Interactive Investor

How high could US interest rates really go?

7th April 2022 13:00

Graeme Evans from interactive investor

After years of rate cuts and ultra-low borrowing costs, US policymakers are set to announce the biggest hike in over 20 years. Here’s the latest thinking on US rates, inflation at the Federal Reserve’s $9 trillion balance sheet.

Investors held their nerve today despite US monetary policy being on the brink of a rapid tightening and the risks to global economic growth continuing to mount.
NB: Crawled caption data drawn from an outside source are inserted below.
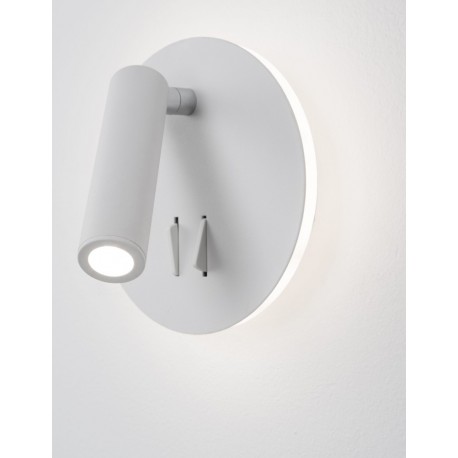 Sandy White Aluminium & Acrylic Switch On/Off LED Cree 9 Watt 230 Volt 780Lm 3000K IP20 D: 14 W: 5.7 H: 14 cm Rotating & Adjust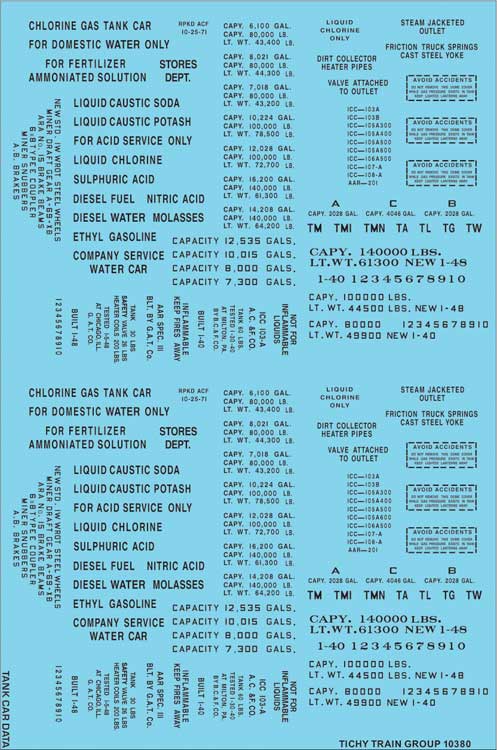 Image for 293-10380 Tank Car Data Black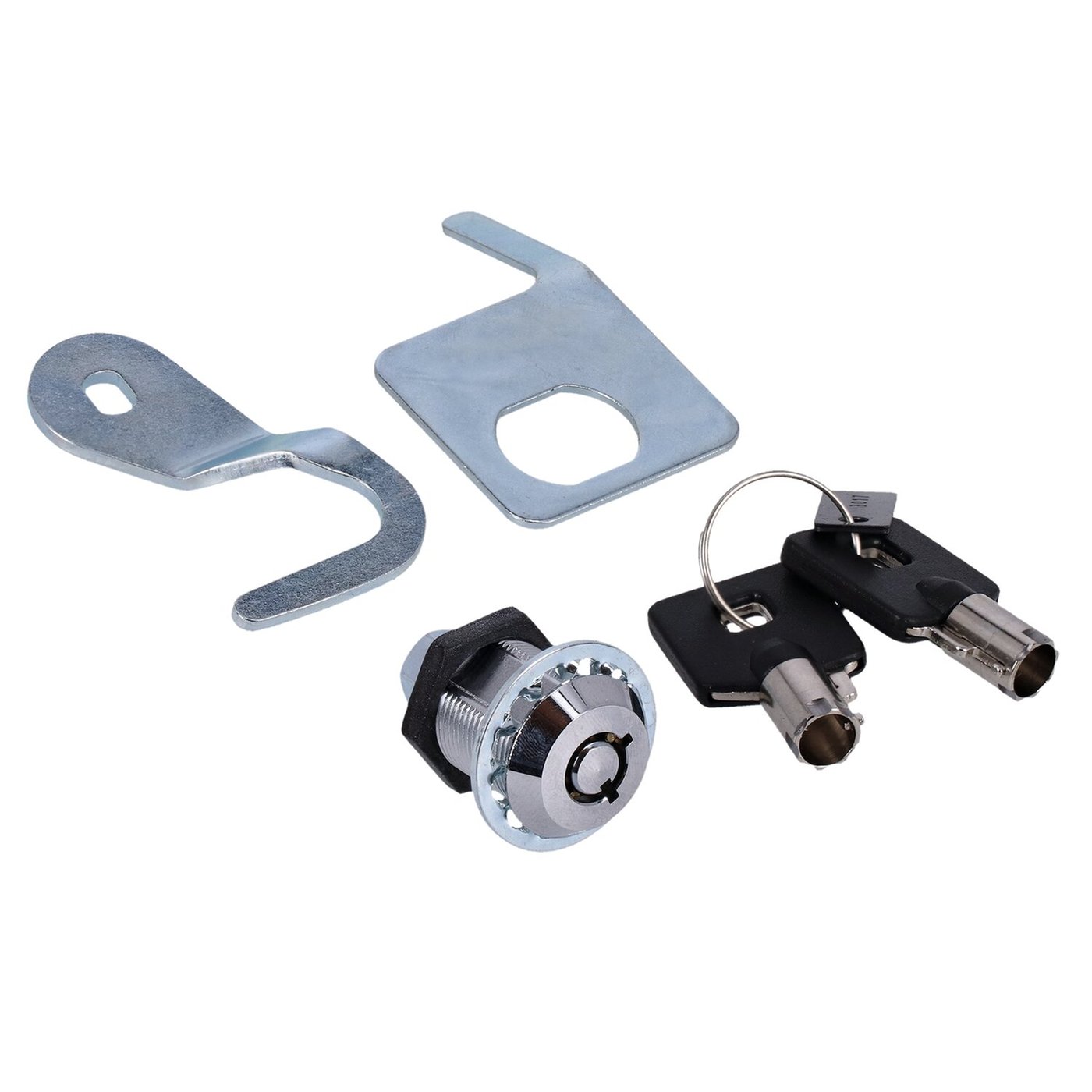 MCS Saddlebag lock and key kit. Chrome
The FTSE 100 index stayed close to its opening mark, even though last night’s minutes of the Federal Reserve’s most recent meeting added to expectations for a series of quick-fire interest rate rises as policymakers look to bring inflation back under control.

A measure of their urgency came with discussions about the possibility of starting the reduction of the Federal Reserve’s $9 trillion balance sheet from next month, having been adding assets as recently as last month.
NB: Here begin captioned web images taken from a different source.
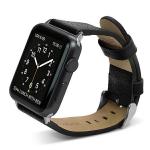 Curea X-Doria Lux compatibila cu Apple Watch 38/41mm, Negru 3 - lerato.ro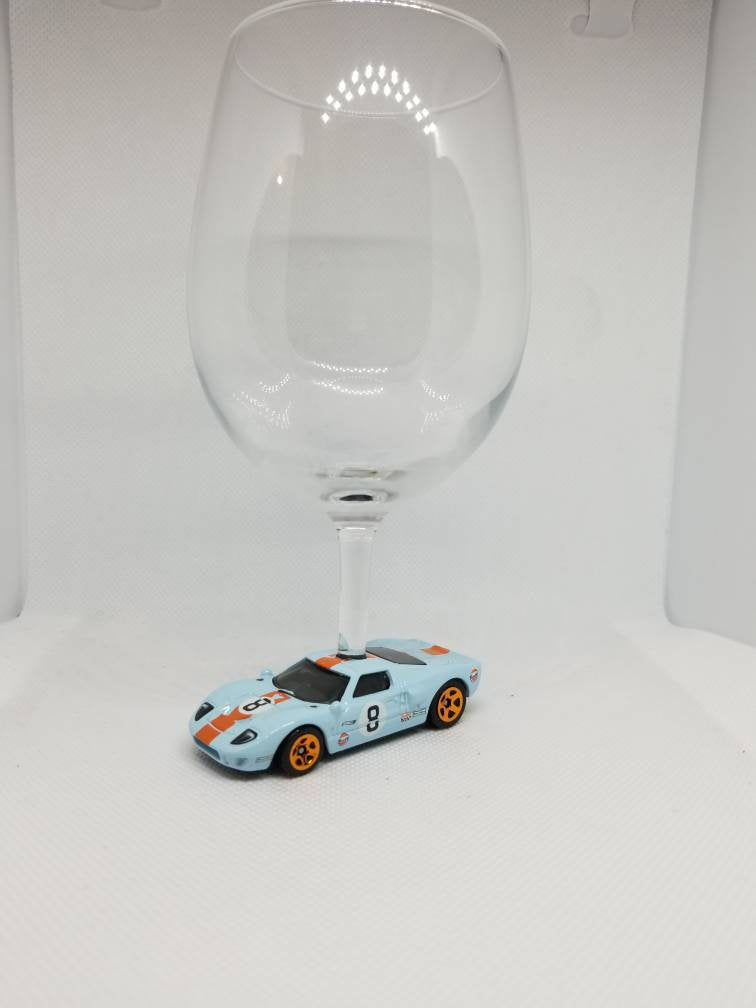 Ford GT-40 Wine Glasses, Unique Ford accessories, Birthday Gift Ideas by @SpeedTails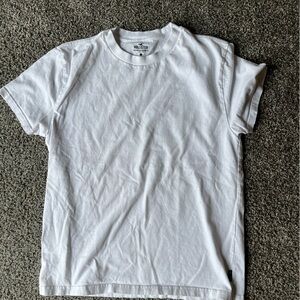 Hollister White Short Sleeve Tee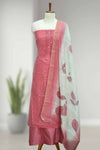 Silk Churidar Material with Lace & Mirror Work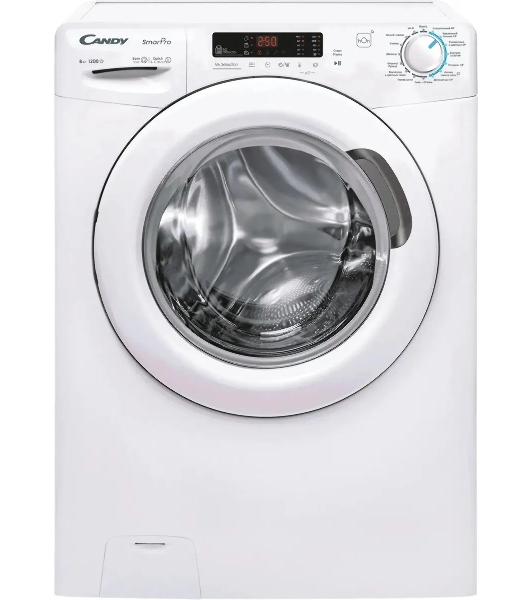 Стиральная машина Candy CSH44283DW/2-07 белый, загрузка фронтальная 8кг, 1200 об/мин., класс: А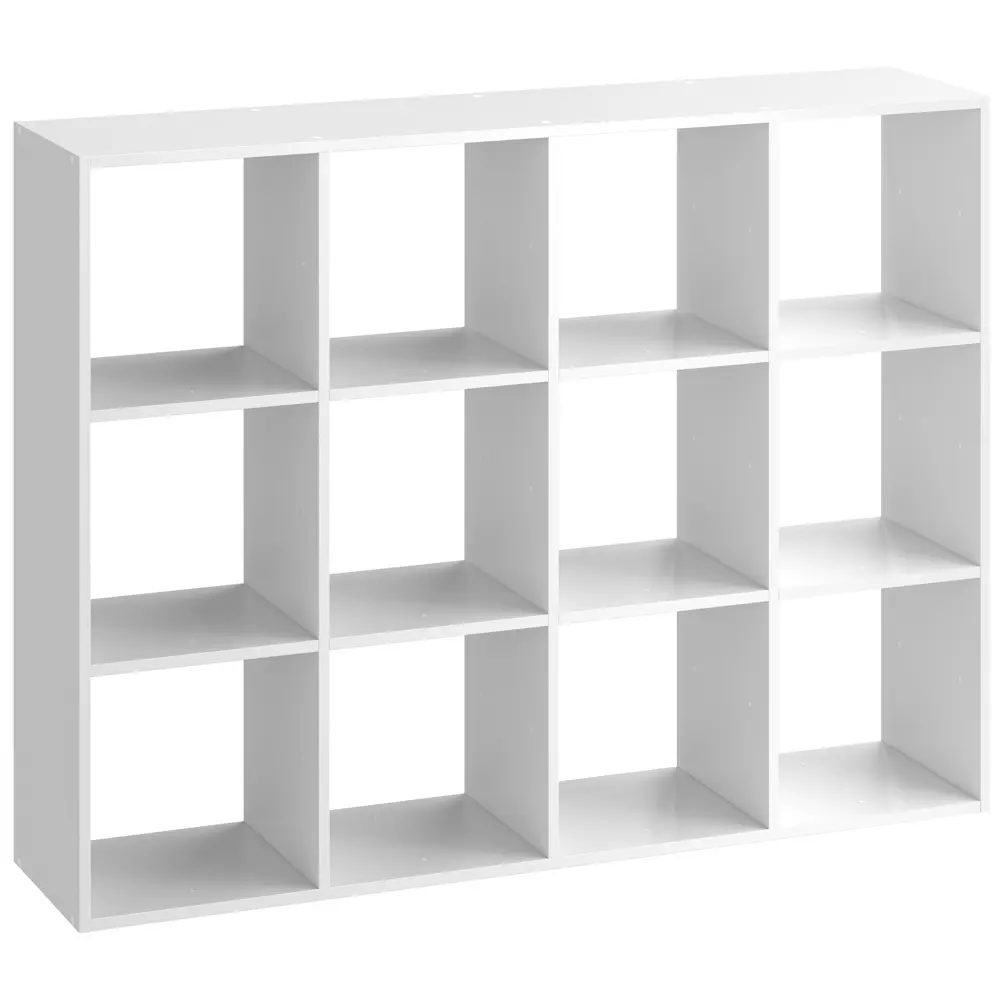 Фото Стеллаж SPACEO KUB 12К, 139х139х31,7 см, цвет белый Фото Стеллаж SPACEO KUB 12К, 139х139х31,7 см, цвет белый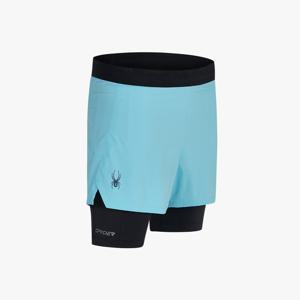 [스파이더] 남성 레깅스 내장형 3.5부 러닝 숏츠 SPKFCNTR231MLBL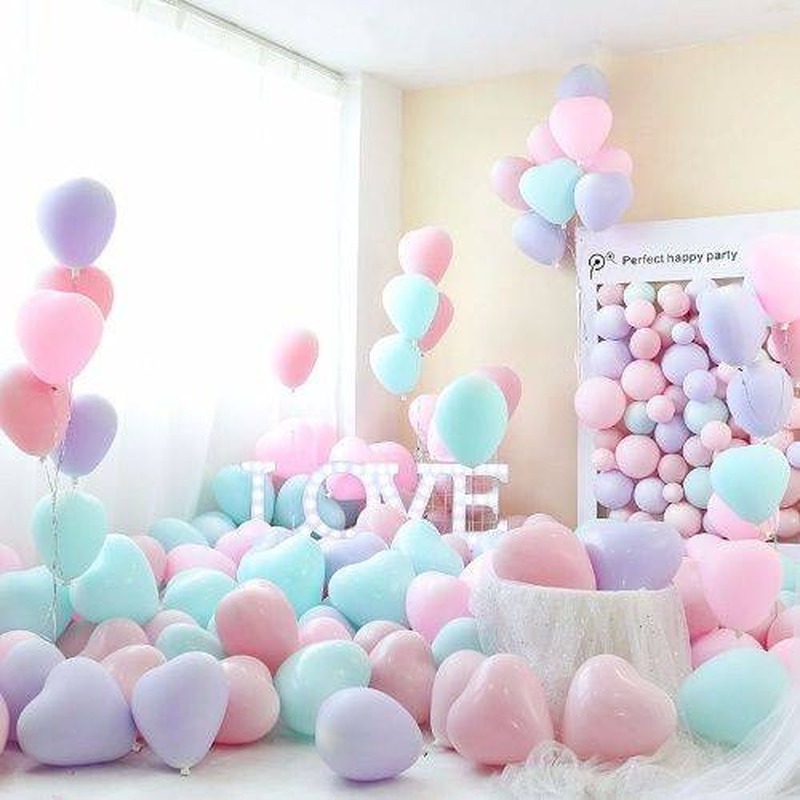 Set 5/ 20 bong bóng latex 10 inch 2.2g hình trái tim nhiều màu sắc tùy chọn dành cho trang trí tiệc cưới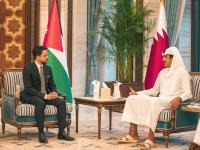 ولي العهد يلتقي أمير دولة قطر ويؤكد تضامن الأردن المطلق مع قطر في الحفاظ على أمنها واستقرارها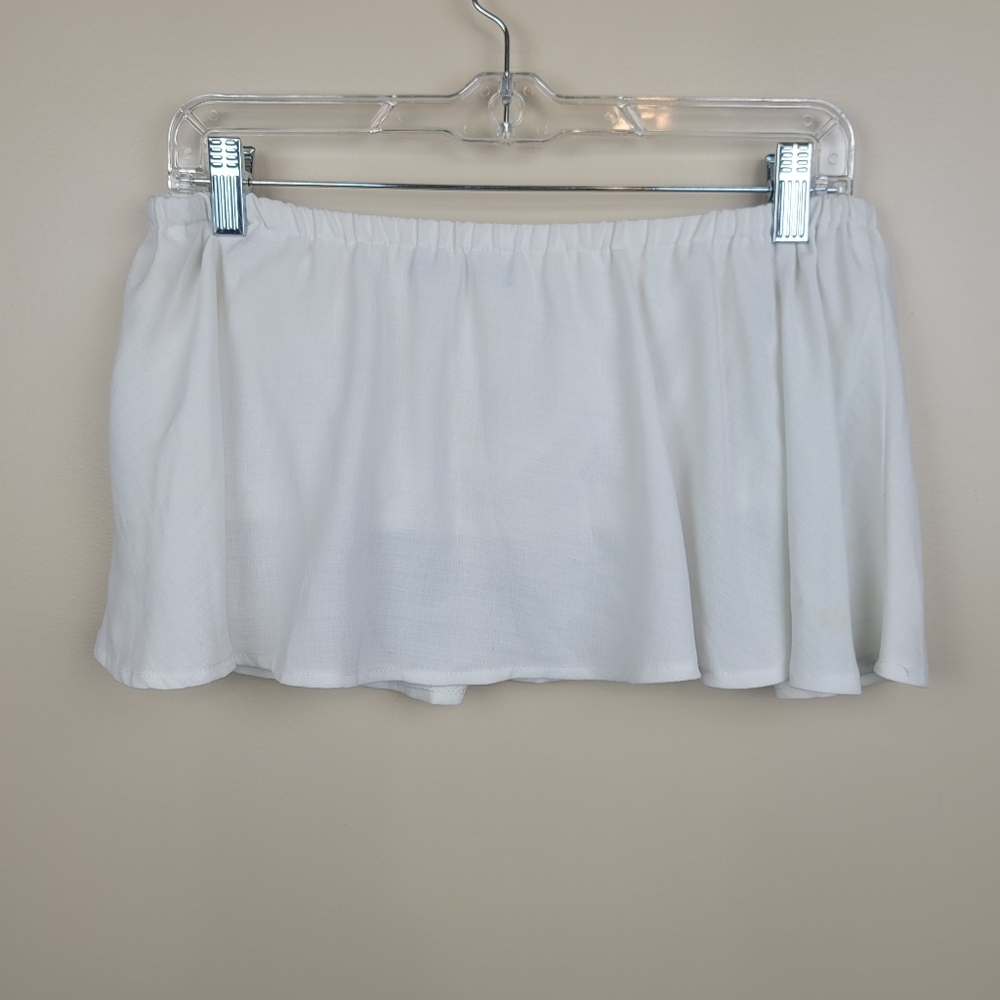 Eight Paris White Strapless Crop Top size L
Wall Street is now 80% certain that the Fed will raise rates by half a percentage point to 1% at its May meeting. This would be the first time since 2000 that it has moved by such a large amount and comes amid expectations for a total of 220 basis points (bps) of rate rises this year on top of the quarter point increase from March.

Some policymakers wanted to hike rates by half a percentage point in March but were persuaded not to because of the economic uncertainty caused by the Ukraine war.
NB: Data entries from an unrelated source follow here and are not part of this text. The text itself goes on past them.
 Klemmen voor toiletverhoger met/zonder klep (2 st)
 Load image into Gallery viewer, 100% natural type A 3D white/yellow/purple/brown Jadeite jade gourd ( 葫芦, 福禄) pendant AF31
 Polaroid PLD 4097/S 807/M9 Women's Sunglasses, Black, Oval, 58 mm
At the same time, the invasion and impact of Russian sanctions has dramatically elevated the inflation risks as some economists now think the US consumer prices index could top 8% when the March figure is published next week.

Deutsche Bank analyst Henry Allen said: “It seems to be progressively dawning on investors that this cycle of hikes is going to be very different to the one we saw from 2015, when even at its fastest in 2018, the Fed still only hiked rates by 100 base points in a single year.”

He said there was a case that markets should be pricing 300-400bps this year given where inflation is, highlighting that hikes on that scale were seen in the late-80s and from 1994 with inflation at much lower levels than it is at the moment.

The minutes triggered a big rise in bond yields on both sides of the Atlantic, with 10-year Treasuries up to 2.6% for the highest closing level since 2019. This put further pressure on tech stocks, with Tesla (NASDAQ:TSLA) down 4%, Amazon (NASDAQ:AMZN) 3% and Apple (NASDAQ:AAPL) 2% lower last night.

As interest rate expectations rise, technology and other growth stocks tend to de-rate because the value of their future cash flows has been diminished.

The Wall Street performance failed to result in a weaker session in London, where the recent steady performance means the FTSE 100 index is still almost 3% higher this year compared with 11% lower for the Nasdaq and 6% for the S&P 500.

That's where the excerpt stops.